Records provided -
+++
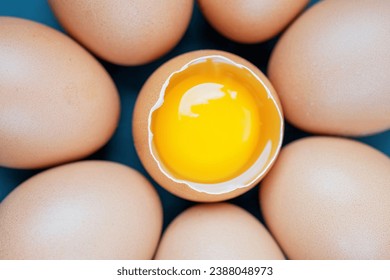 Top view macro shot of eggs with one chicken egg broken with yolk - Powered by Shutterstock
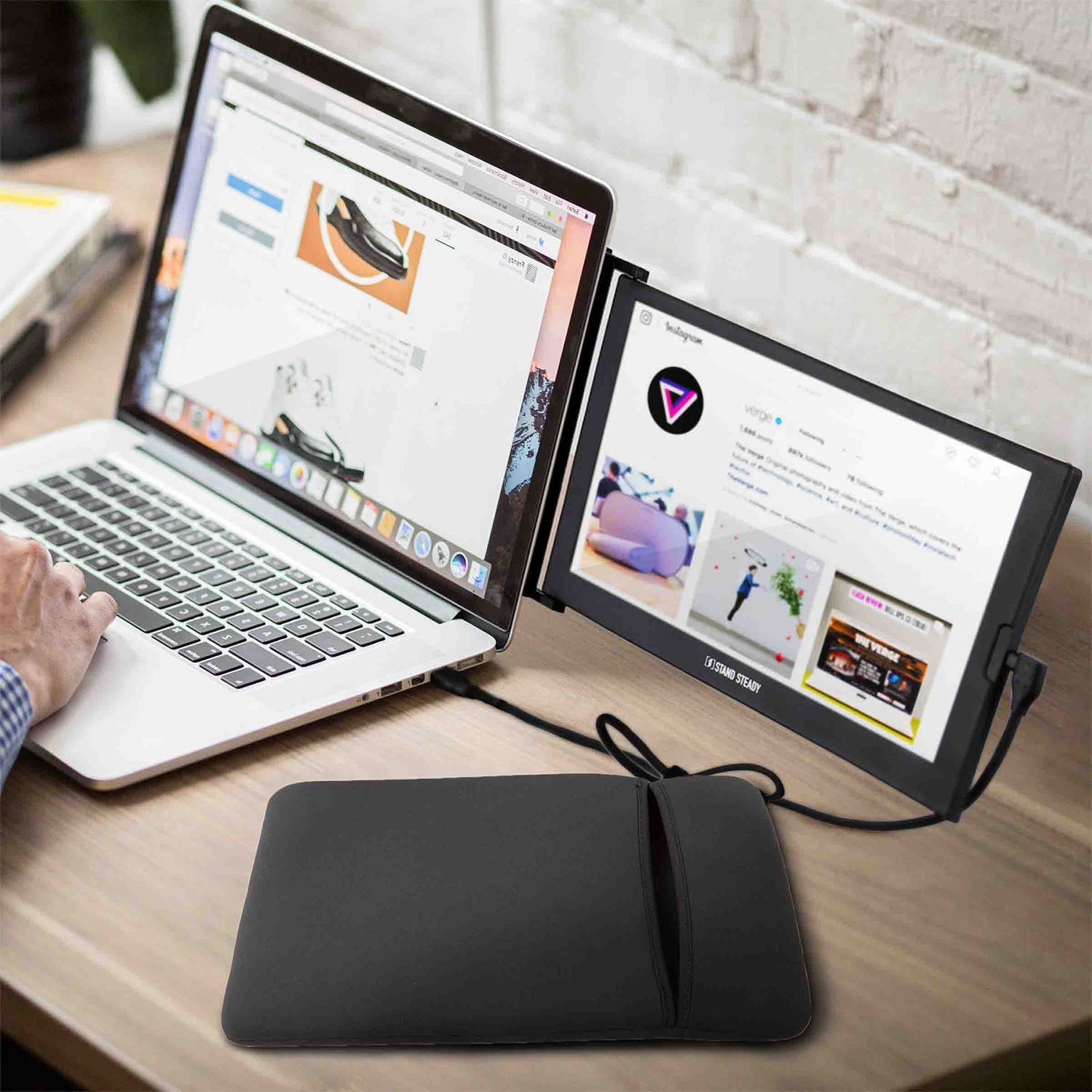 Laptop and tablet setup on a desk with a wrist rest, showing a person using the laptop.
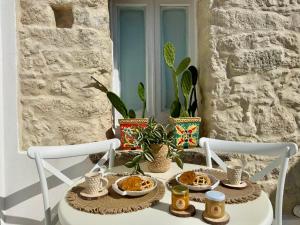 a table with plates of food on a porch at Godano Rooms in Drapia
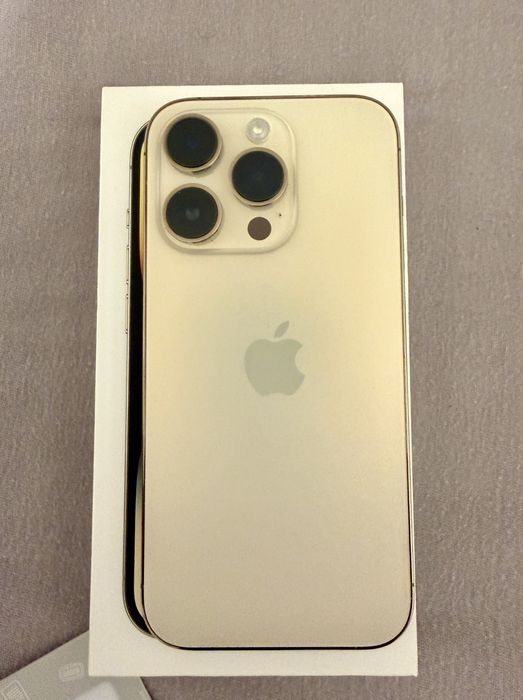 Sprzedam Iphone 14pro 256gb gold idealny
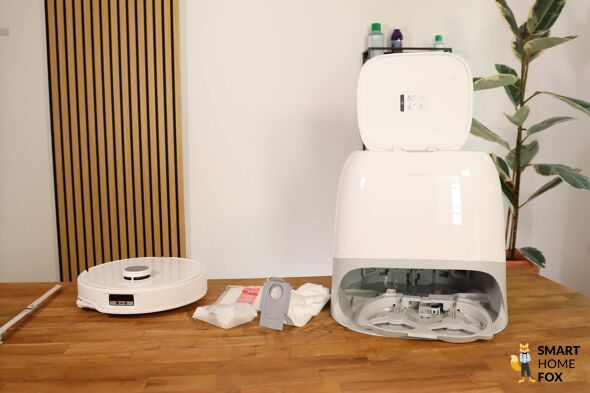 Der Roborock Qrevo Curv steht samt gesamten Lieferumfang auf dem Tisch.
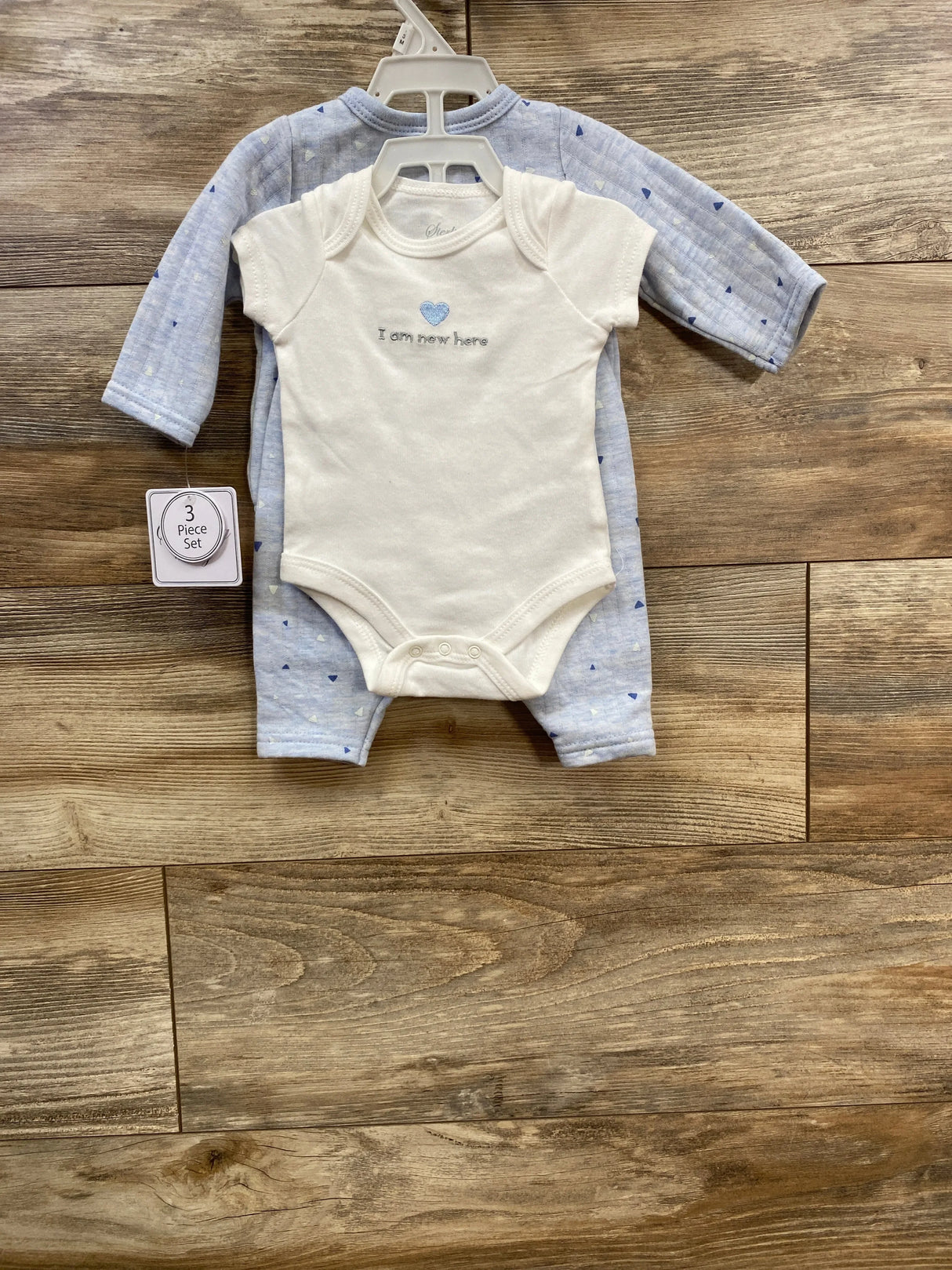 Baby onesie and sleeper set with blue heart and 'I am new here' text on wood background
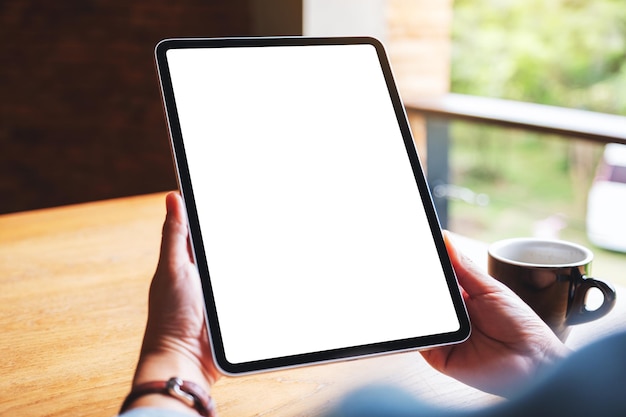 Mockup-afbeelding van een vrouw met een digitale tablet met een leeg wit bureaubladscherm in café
+++
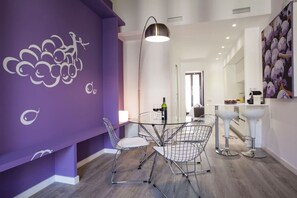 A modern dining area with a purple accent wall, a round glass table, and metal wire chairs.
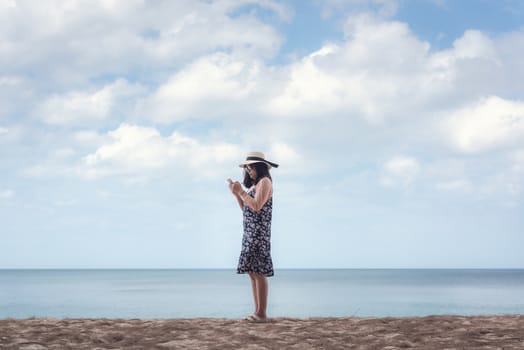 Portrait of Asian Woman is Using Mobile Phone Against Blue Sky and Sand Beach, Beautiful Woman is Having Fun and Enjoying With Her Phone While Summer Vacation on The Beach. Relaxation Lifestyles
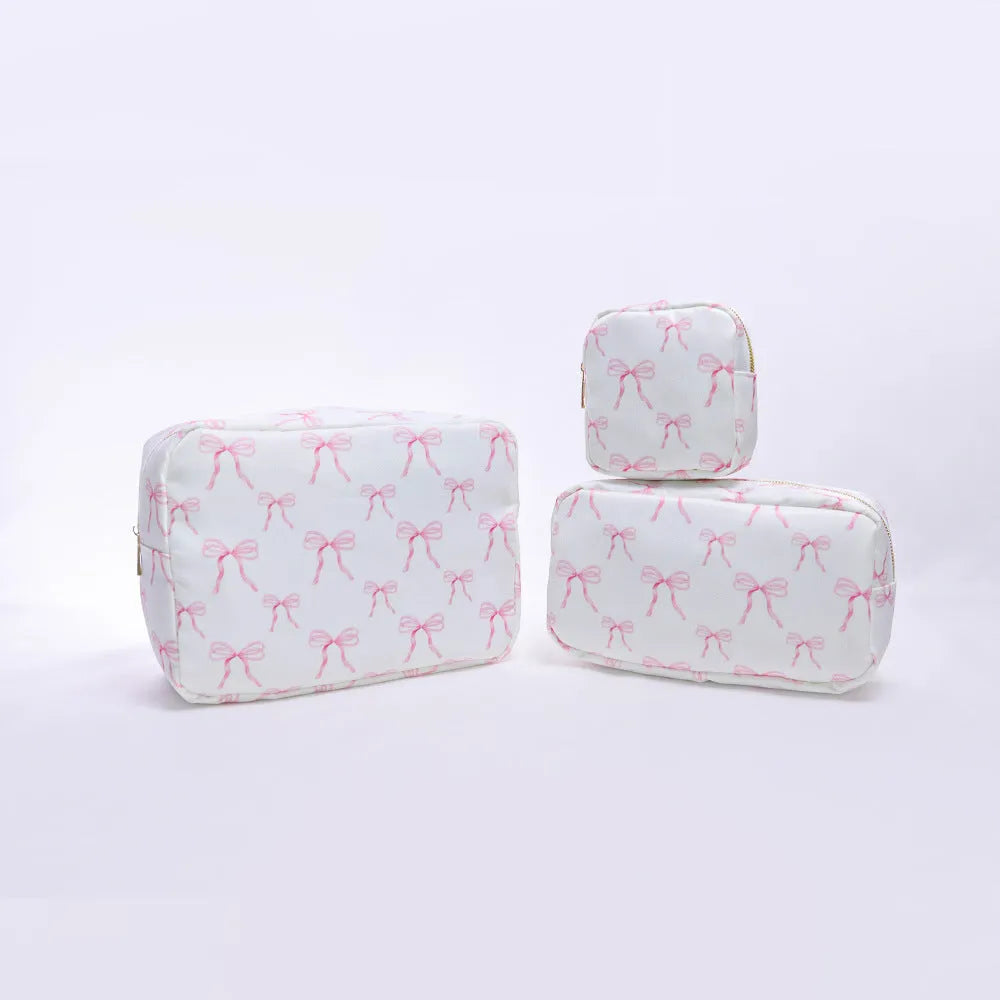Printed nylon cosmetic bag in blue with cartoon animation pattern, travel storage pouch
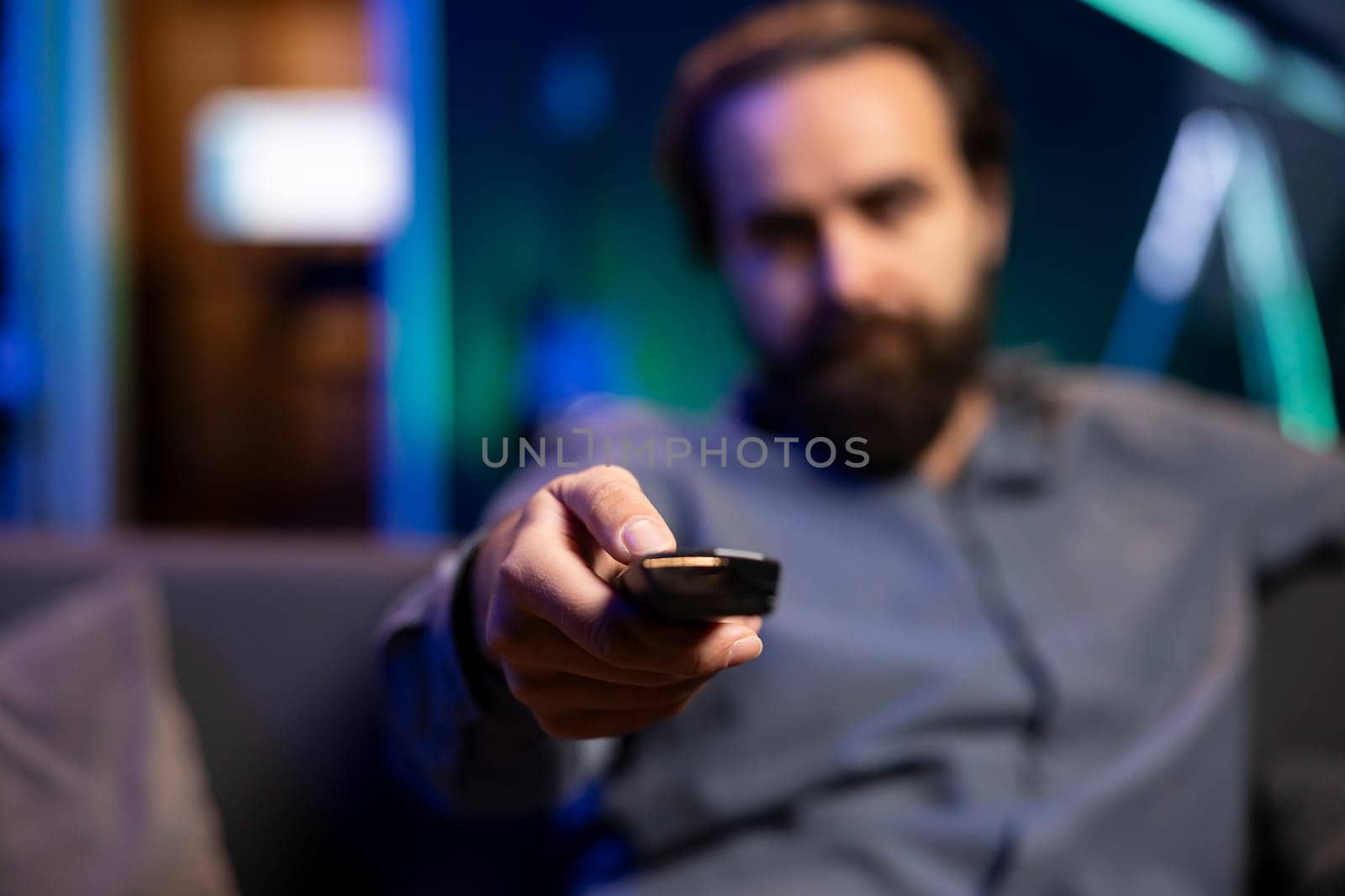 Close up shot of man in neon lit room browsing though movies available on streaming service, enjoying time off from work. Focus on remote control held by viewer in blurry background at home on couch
+++
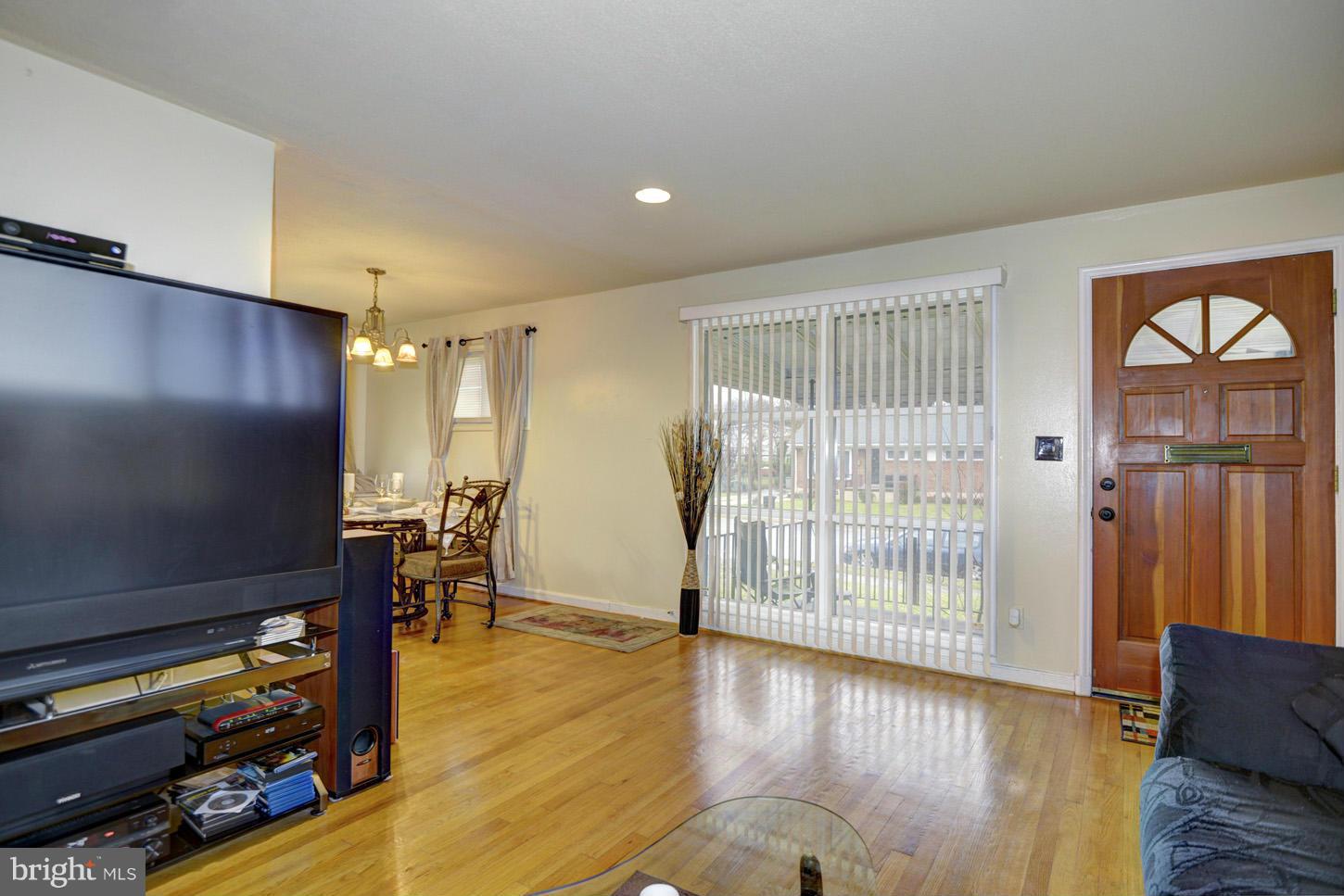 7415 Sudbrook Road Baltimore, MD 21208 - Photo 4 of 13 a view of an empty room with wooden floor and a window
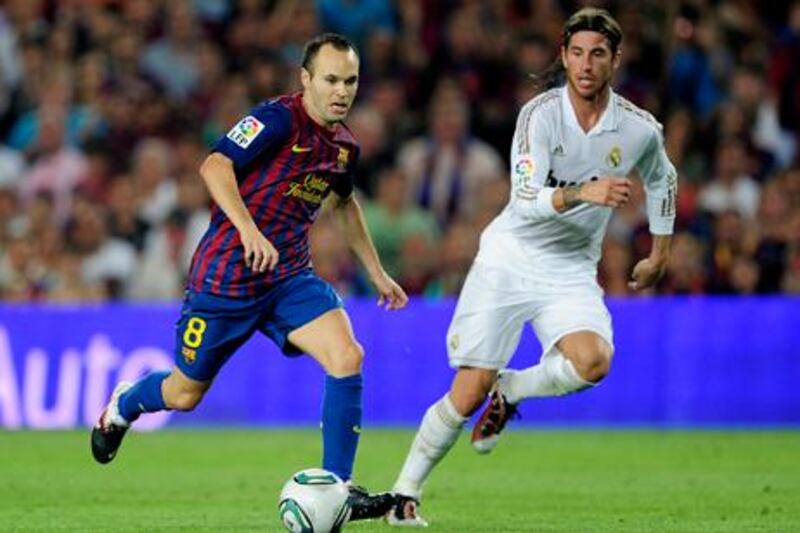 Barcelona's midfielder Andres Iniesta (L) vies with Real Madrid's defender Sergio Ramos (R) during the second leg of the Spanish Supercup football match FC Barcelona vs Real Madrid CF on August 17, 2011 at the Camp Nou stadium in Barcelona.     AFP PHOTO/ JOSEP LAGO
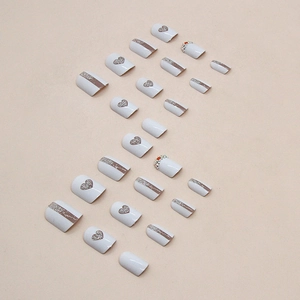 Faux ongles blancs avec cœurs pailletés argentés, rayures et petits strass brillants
+++
Assignment -
Only the lines starting at the one with "A modern dining" and ending at the one with "Printed nylon cosmetic" should be printed, each exactly as it appears in the material above; the pictures are to be omitted.

Written solution -
 A modern dining area with a purple accent wall, a round glass table, and metal wire chairs.
 Portrait of Asian Woman is Using Mobile Phone Against Blue Sky and Sand Beach, Beautiful Woman is Having Fun and Enjoying With Her Phone While Summer Vacation on The Beach. Relaxation Lifestyles
Printed nylon cosmetic bag in blue with cartoon animation pattern, travel storage pouch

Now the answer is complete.